Atari established that CNNs can learn to play 2D games from pixels. ViZDoom (Kempka et al., 2016) asks the harder question: can agents learn in 3D, first-person, partially observable environments?

The Doom game engine provides:

  • Fully configurable scenarios (maps, enemies, rewards, available weapons)
  • First-person 3D rendering with genuine depth, perspective, and occlusion
  • Deterministic or stochastic enemy behaviour
  • A Python API for programmatic control
  • A Gymnasium wrapper registering environments as VizdoomXxx-v1

The gap between Atari and ViZDoom is the gap between a flat sprite game and a real 3D world — and it turns out to be large.

What 3D Adds Over Atari

Depth and Perspective

In Atari, objects are sprites at fixed screen positions. In Doom, a monster at distance 10 units appears larger and higher in the frame than the same monster at distance 50 units. The agent must learn that apparent size encodes distance — a form of 3D reasoning implicit in the visual input.

Genuine Occlusion

Enemies can be fully hidden behind walls and only reveal themselves when the agent (or enemy) moves. A single frame provides zero information about occluded objects. Frame stacking helps only if occlusion is brief — longer occlusion requires memory.

Active Exploration

Atari games present all relevant information on screen at all times. Many ViZDoom scenarios require the agent to turn and search to find enemies or goals. This introduces an exploration component that doesn't exist in most Atari games.

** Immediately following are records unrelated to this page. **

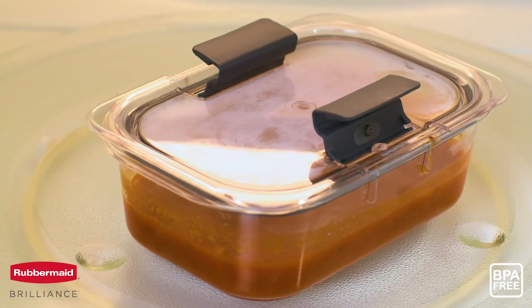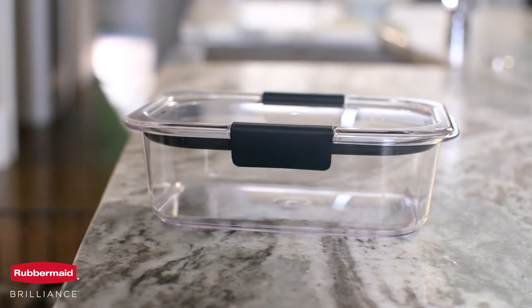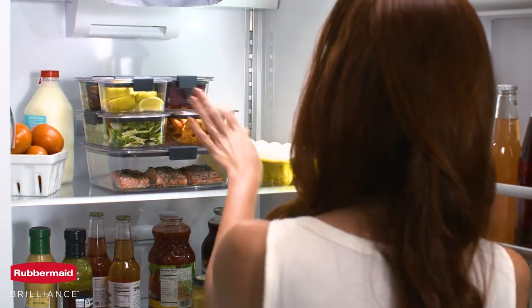The premium, BPA-free material is dishwasher safe and resists stains to keep your containers looking crystal clear and new. Brilliance containers stack perfectly to keep food visible and organized.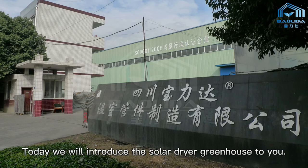Welcome to Bayelita Greenhouse Show. Today we will introduce the Solar Dryer Greenhouse to you.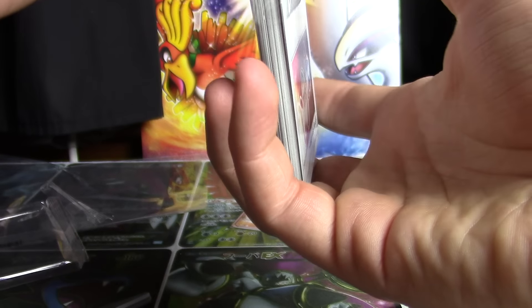We've got Pokeball, we've got Ilima, Professor Kukui, and there's Hau. And the rest is going to be Energy — we've got Fire Energies, Water Energies, and Fighting Energies to close it out.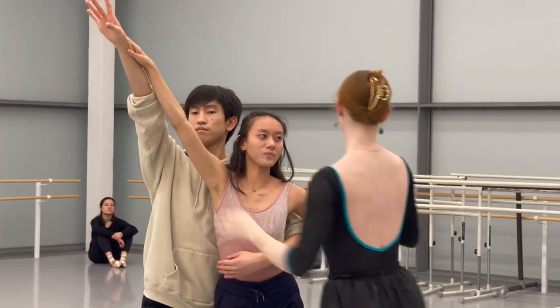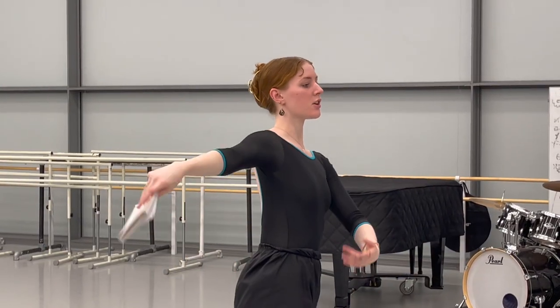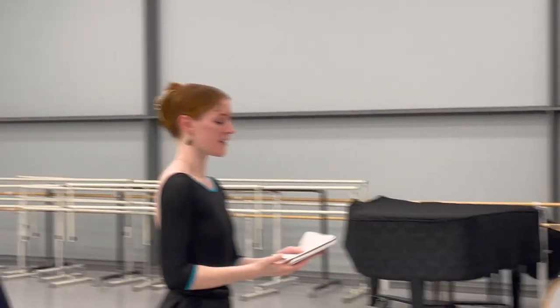Then I create an outline of my piece — group sections, solos, transitions, and the corresponding counts. I find an empty studio and start to workshop choreography, adding specific steps and writing everything down along with sketches of formations in a notebook.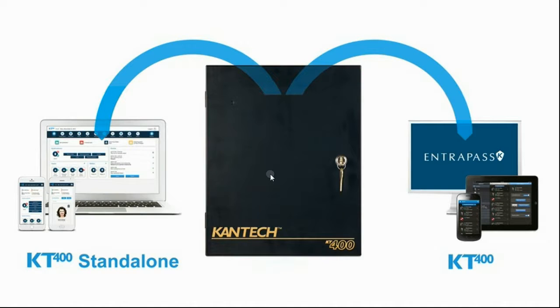Good day everyone. Today we have a quick video about the KT400 in standalone mode.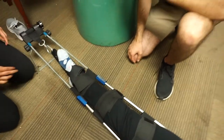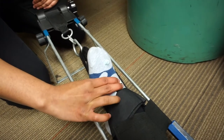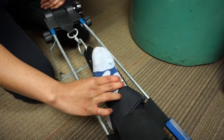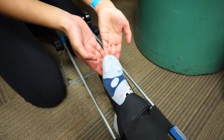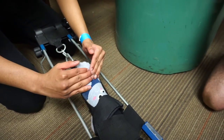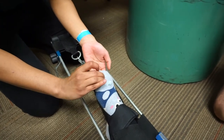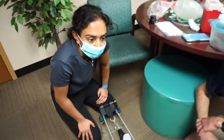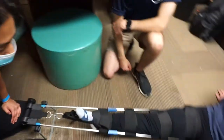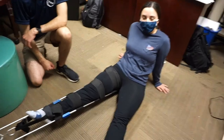The last thing we do is check for PMS again. Check the pedal pulse — it's present. Can you push down against my fingers? Kind of. Can you push up against my fingers? A little. Can you close your eyes? Can you feel what I'm doing? You're pinching my toes. So her PMS seems to be present. Awesome job — we'll see you in the next video.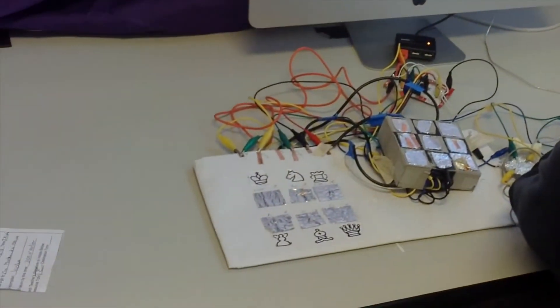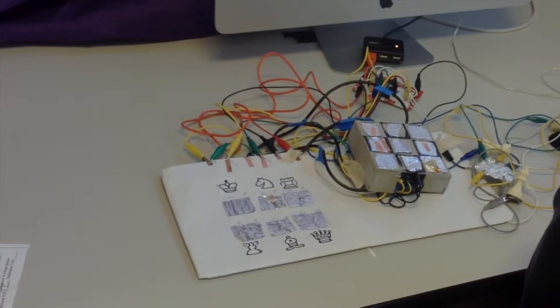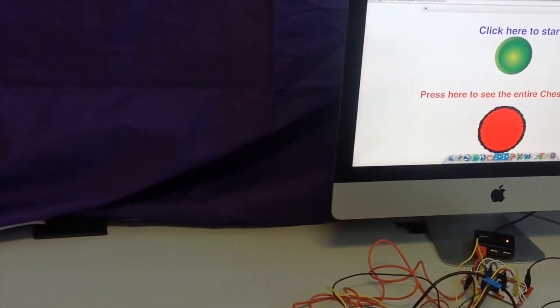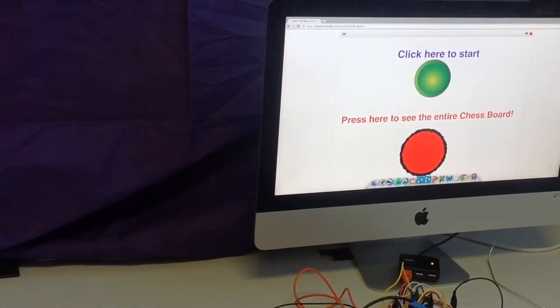As you can see, there's a 3x3 chess board with aluminum foil squares that is connected to the Makey Makey. We programmed it so that you only have to answer the prompts and do what the program says.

Moving through 3D space with a consistent heading requires integrating a sequence of actions. The agent must learn that a sequence of TURN_LEFT actions rotates it to face a new direction — a spatial reasoning problem absent from Atari.

Scenario Hierarchy

ViZDoom ships with built-in scenarios in increasing order of difficulty. Each isolates a specific skill:

Scenario Action space Key skill Typical steps to learn
VizdoomBasic-v1 Move L/R, Shoot Align and fire at stationary target 100–300k
VizdoomDefendLine-v1 Move L/R, Shoot Eliminate a wave of approaching enemies 300–500k
VizdoomDefendCenter-v1 Turn L/R, Shoot Track moving targets from a fixed position 500k–1M
VizdoomHealthGathering-v1 Move, Turn Navigate and collect health packs 500k–1M
VizdoomCorridor-v1 Full movement + shoot Navigate a corridor with enemies, collect armour 1–3M
VizdoomMyWayHome-v1 Full movement Maze navigation to a fixed goal 3–10M
VizdoomPredictPosition-v1 Shoot Predict enemy position behind cover 5–20M
VizdoomDeathmatch-v1 Full movement + all weapons Kill enemies across the full map 50–500M

The gap between Basic (200k steps) and Deathmatch (100M steps) is a factor of 500. This is not just more training time — Deathmatch requires qualitatively different capabilities: navigation, target acquisition, weapon selection, ammo management, and spatial memory.

Curriculum Learning

Training directly on hard scenarios often fails: the reward signal is too sparse for the agent to discover the right behaviours from random exploration. Curriculum learning — training on progressively harder scenarios — is a practical solution:

  1. Train on Basic until the agent reliably kills the stationary enemy
  2. Transfer to DefendCenter (moving enemies) using the Basic policy as initialization
  3. Transfer to Corridor (navigation required)
  4. Transfer to Deathmatch

Each transfer re-uses the learned CNN encoder; only the policy head adapts to the new task. This is a form of transfer learning within a domain.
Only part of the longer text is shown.